# clipper blades?



## keren (Oct 26, 2008)

ok so i have a few does to clip for some upcoming shows. note that we dont show our goats as shaved as you guys do. the last doe i tried i was unhappy with the outcome. i used a ten blade and clipped with the hair because when i clipped against the hair it was too short. but going with the hair i have ended up with an uneven clip job and lots of clipper lines. 

it has been suggested to me to use a 4F blade. looking at my supplier they have a 4F skip tooth, a 4F full tooth comb, and also a universal clipper attachment kit, with plastic combs that slip onto the clippers and give a variety of lengths. 

my question - is it worth getting the universal attachment thingies? or just stick with a 4F blade, and if so do i want the skip tooth or full tooth?


----------



## Dayna (Aug 16, 2012)

I'm a dog groomer. If the animal is clean that'll help with clipper lines. I would be careful with using a 4F and I would NEVER use a skip tooth on a goat. EVER. 4F's can catch the skin easily. I would rather use a 7F. Be careful for any skin tags, moles, skin flaps, etc.


----------



## keren (Oct 26, 2008)

Why does a 4F catch the skin easier than a 7F? 
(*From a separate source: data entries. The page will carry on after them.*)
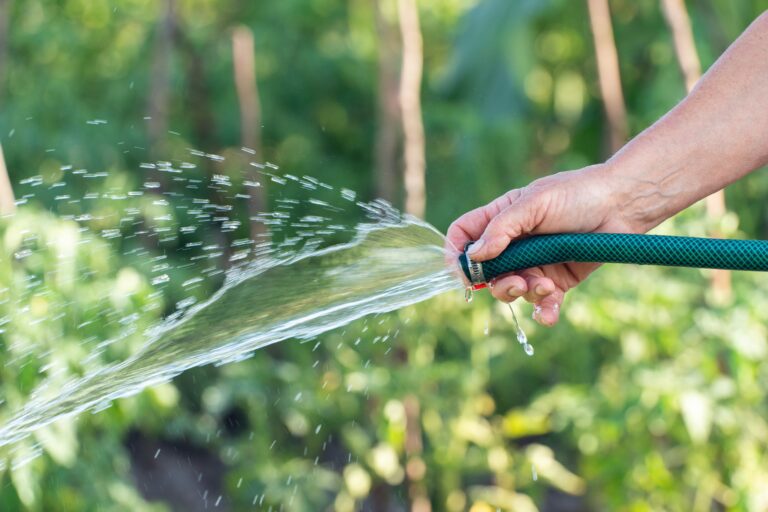 Woman,Watering,Plants,With,Water,From,A,Hose,In,A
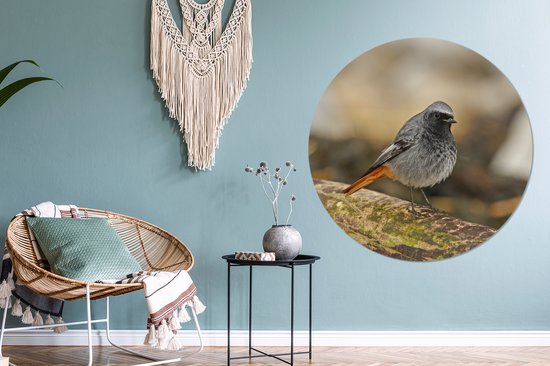 Rougequeue mâle noir sur un morceau de bois flotté Cercle mural aluminium ⌀ 120 cm - Tirage photo sur cercle mural / cercle vivant / cercle jardin (décoration murale) XXL / Groot format!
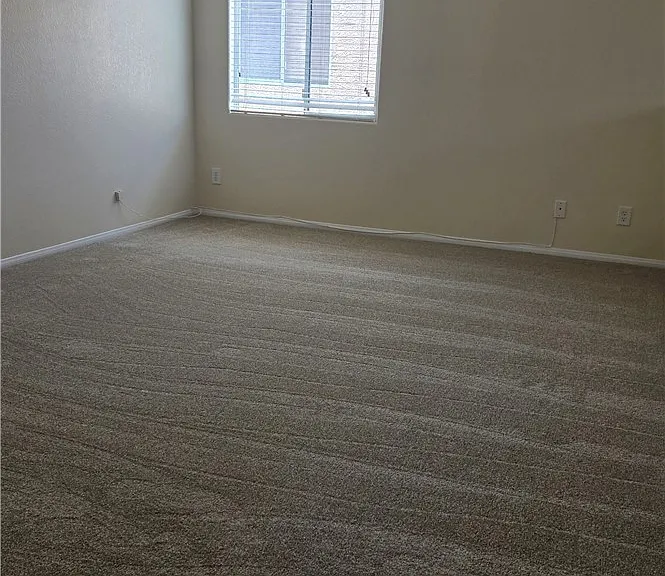 9031 Spring Star Ct — Photo 11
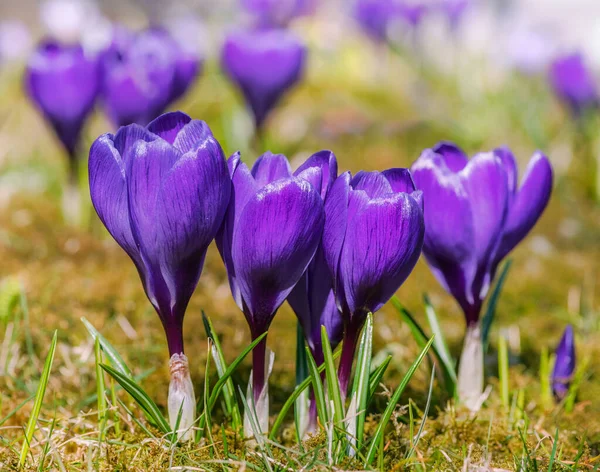Primavera Con Flores Corcus Púrpura Prado — Foto de Stock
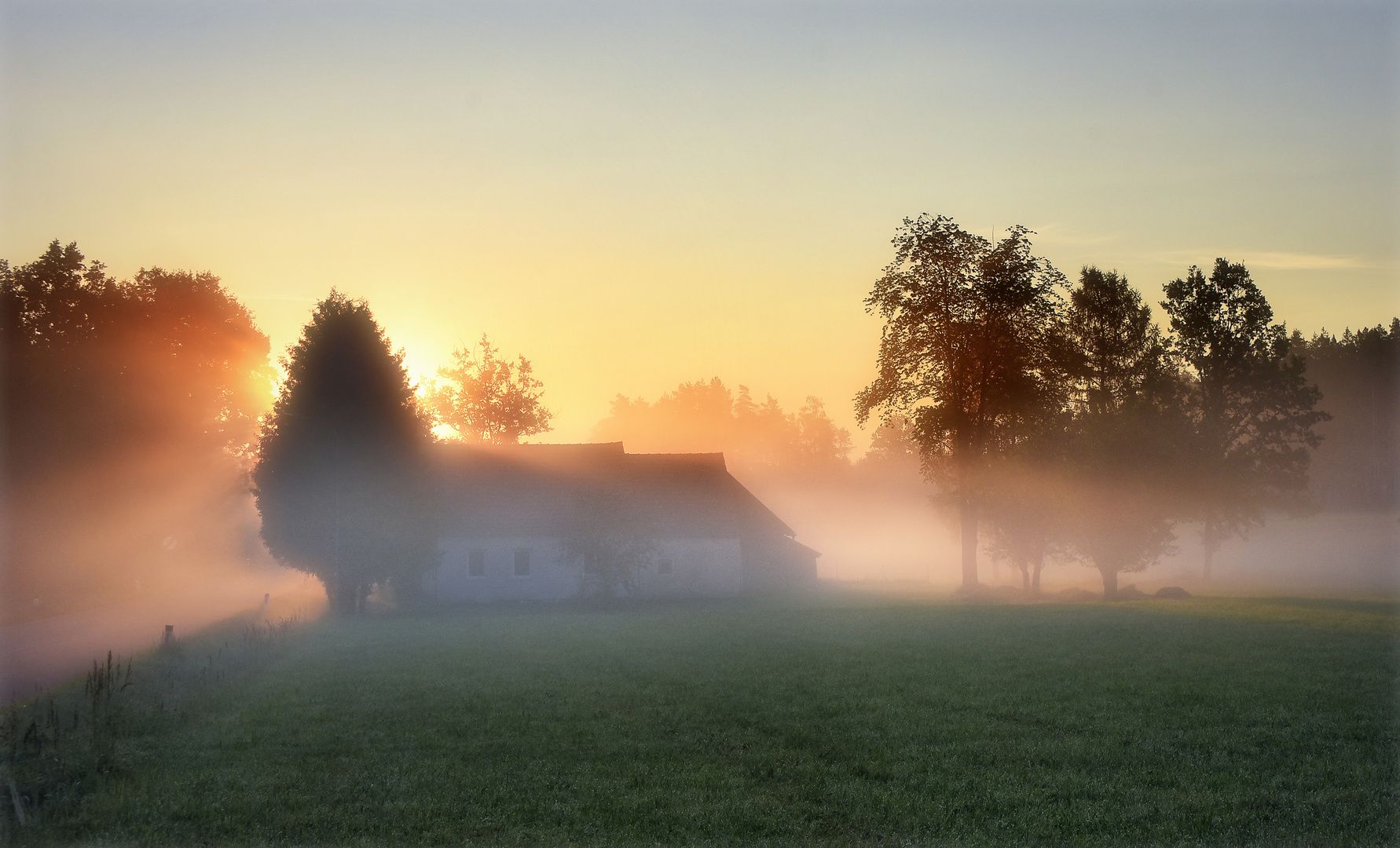 FrühNebelFelder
Sorry I dont know a lot about clipper blades.


----------



## keren (Oct 26, 2008)

oh also, she was clean, very clean. I washed, dried then clipped her. Someone told me the clipper lines were from going with the hair rather than against it.


----------



## Dayna (Aug 16, 2012)

keren said:


> Why does a 4F catch the skin easier than a 7F?
> 
> Sorry I dont know a lot about clipper blades.


The space in between the blades/points is father the smaller the number. Skip tooths are just that, a long blade/point, a short sharp one, then a long one and repeat. They can be very dangerous.


----------



## Dayna (Aug 16, 2012)

I don't usually do "reverse" clipping as it's called. It might be fine for livestock, but is generally frowned upon in the dog grooming world. Not that I wouldn't, it's just not how I was trained.


----------



## Dani-1995 (Mar 11, 2011)

I've never had a problem with the 4f or 7f catching skin... if they have loose skin just push it up so its tighter. The only time I do reverse clipping is when I'm blending hair on my meat doe.. thats just to make it lay better when I transition from cutting it longer to shorter.


----------